Aynı yıl, eski Kürdistan Teâlî Cemiyeti’nin üyeleri, Şeyh Said’in, Bedirhan Bey ve Cemil Paşa’nın çocukları ile birbiriyle didişen aşiret reislerinden oluşan karışık bir grup Lübnan’da Xoybun (Hoybun) adlı bir örgüt kurdular. Sedat Ulugana’ya göre Xoybun’un fikir babası Memduh Selim Bey’di. Kurucu kadroyu Şükrü Sekban, Mir Celadet Bedirhan, Mir Kamuran Bedirhan, Şerif Paşa, Haco Ağa, Berazi Aşireti Reisi Mustafa Şahin vardı. Kongrede Mir Celadet Bedirhan başkan seçilmişti. İhsan Nuri Bey ise “başkomutan” idi.
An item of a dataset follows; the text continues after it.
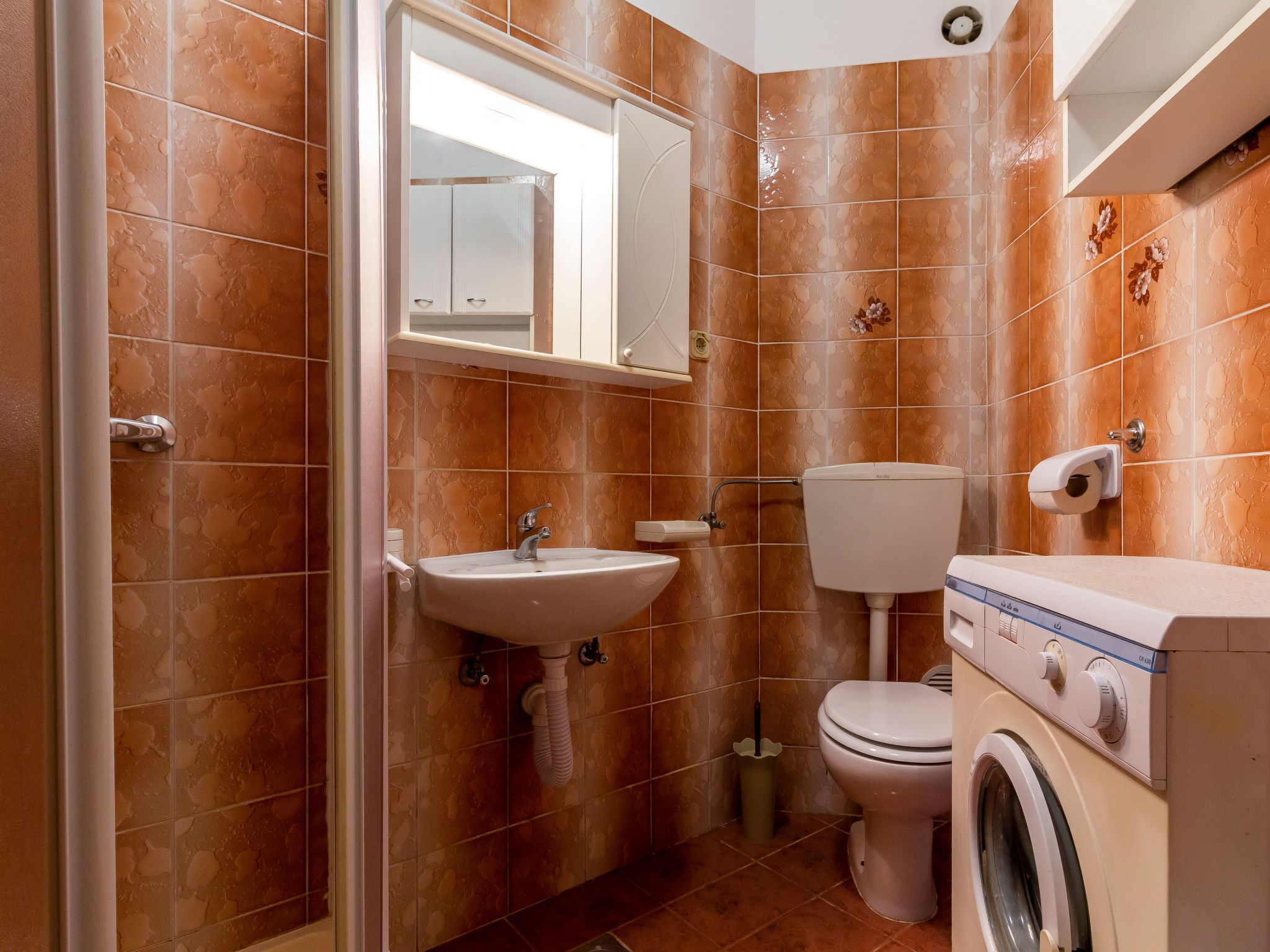 Appartement in Fažana mit Möbliertem Balkon-Image-tags.info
Türkiye’de ise Hesenanlı Ferzende, Silemane Ehmed Beg, Zirkanlı Kerem Bey, Sipkanlı Halis Bey gibi önemli Kürt aşiret reisleri Xoybun’a katılmıştı. Türk istihbaratının iddiasına göre, Ermeni Taşnak Komitesi’nin bazı üyeleri de bu oluşumda rol almıştı. Eğer bu doğruysa, şehirli ve kırsal kökenli grupların veya bir zamanlar fail ve mağdur olarak karşı karşıya gelen Kürtlerin ve Ermenilerin zoraki evliliği ortaya çıkmıştı. Örgütün Kürt kanadının amacı, 1920 tarihli Sevr Barış Antlaşması’yla tanımlanan coğrafyada bağımsız bir Kürt devleti kurmaktı.
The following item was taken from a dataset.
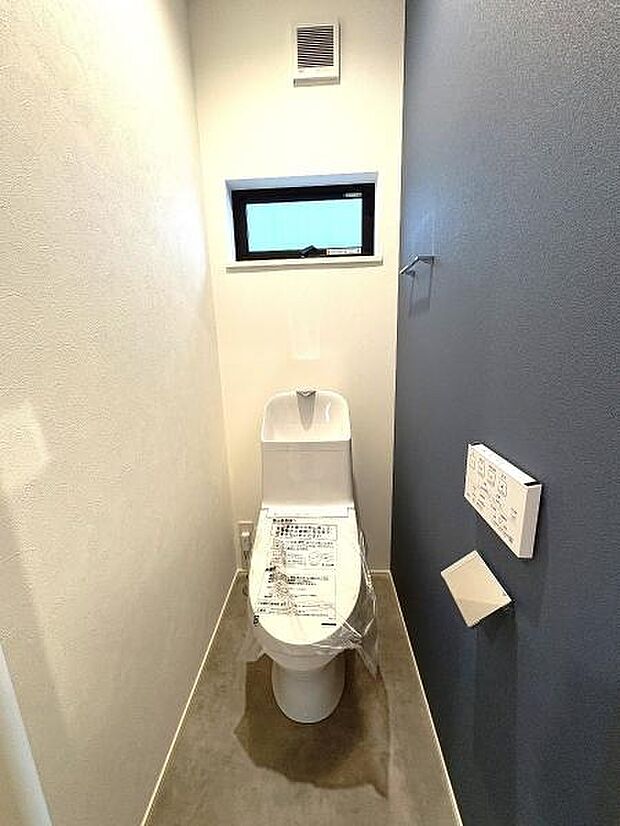 シャワー洗浄機能付のトイレは、清潔感が印象的な空間ですね。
Örgüt, dağdaki hareketi yönetmek üzere, Osmanlı ordusunda (Kazım Karabekir’in komutasında) kurmay binbaşı olarak görev yapan ve Eylül 1924’teki Nasturi (Beytüşşebab) Ayaklanması’ndan sonra sırasıyla Suriye, Irak ve İran’a geçen Yüzbaşı İhsan Nuri Bey ve bir grup arkadaşını gönderdi. İşte “Beyazıt Olayı”, İhsan Nuri Bey ve Broyê Haskê Telli, Şemikanlı Timur, Ferzende gibi Xoybun kadrolarının ilk işlerinden biriydi.
Dağda bir cumhuriyet
1928’e gelindiğinde, isyancılar Ağrı Dağı’nda minyatür bir Kürt cumhuriyeti yaratmış ve bazı iddialara göre, İngilizlerin aracılığıyla Milletler Cemiyeti’ne bile başvurmuşlardı. Sarı, kırmızı ve yeşilli bayrakları, Ag(i)ri adlı gazeteleri, iyi eğitilmiş ve teçhiz edilmiş birkaç bin kişilik orduları vardı. Kısa sürede “Ağrı Kürt Cumhuriyeti”, Bitlis ve Van’ı da içine alacak kadar genişlemişti.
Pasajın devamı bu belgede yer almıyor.